Orvieto. First stop was lunch. We drove the way I thought we always drive, following signs to the duomo and ending up getting dumped right onto the main piazza at the top of the town. Parking on the right. Best lot in the town. But we messed up and ended up a few blocks away. It didn't stop us from finding our favorite restaurant within ten minutes. Here we are sharing a half liter of vino bianco with our lunches. This is the first summer the boys have imbibed a bit. With us, that is.

This is the pretty amazing duomo of Orvieto. Like a wedding cake.

After lunch we went over to the underground tour. It was pretty cool. I guess this is the only shot I got. It's of the pigeon coop cave. They raised pigeons underground (those are their little individual holes—hence the term pigeon hole!) so if the city were to be under siege they would have food.

After this we went back to Viterbo to get ready for dinner, which was the Tuesday night artist talk and buffet dinner at the school. On the way, I got this shot of Monastero, the two-plate pizza place, and another of Fred, Henry and Owen.

The next day, Montefiascone, was a much less ordinary day—ironic, since Orvieto is the tourist-attracting town. NOT Montefiascone. But this is often the case with us.

Turns out it was a festival day here—La Festa di Santa Margherita. We made a note of this so we can come back next year at night and have dinner. We saw mostly preparations.

Tables set up in the lot where I usually park.

A visit to Montefiascone always involves a walk to the top, as does every visit to a hilltop town, for that matter—unless we can drive to it. This top is particularly cool because the view is of one of the area's biggest lakes—a volcanic lake called Bolsena. This lake represents the crater created by an old volcano. The sand around it on its beaches is black.

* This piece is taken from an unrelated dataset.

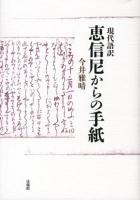 現代語訳恵信尼からの手紙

When we got to the top we looked down at what these people were looking at. A soapbox derby race! We had never come across one of these. Tires lined one side of the street, hay bales the other. Three cars at a time (all manned by teenagers, mostly boys, but at least one girl) took turns racing down the stretch of road, while all the townspeople cheered them on.

A priest and a couple of nuns were among the crowd.

We then walked a tiny bit further to the park at the very top on the other side.

Pokemon Go is everywhere!

On the way home, I FINALLY pulled over to take a picture of one of the most amazing things ever.

This pole with the vegetation at the top looks almost like some kind of flowery palm tree. It is, in fact, a pole, maybe a light pole, with a plant growing at the top. It has grown bigger and bigger every year. Finally, I got up close and knocked on the pole. It seems to be hollow. I've seen this type of plant before and it is vine-like. So my theory is it found its way inside the pole, worked its way to the top, to the light, and now flourishes there!

At home, we got ready for dinner at Il Giardino del Papero (the Garden of the Duck), our all-time favorite spot in Viterbo. Along the way, we ran into Fred's TA, Karen Sung and her boyfriend Sam, dining at Al Vecchio Orologio (the Old Clock).

And at The Duck, we ran into this couple on a date—Erin, our writing teacher and her husband Frank.

We always start with this fried vegetable thing that's like tempura. Insanely good.

And I often get this—steak under arugula and tomatoes.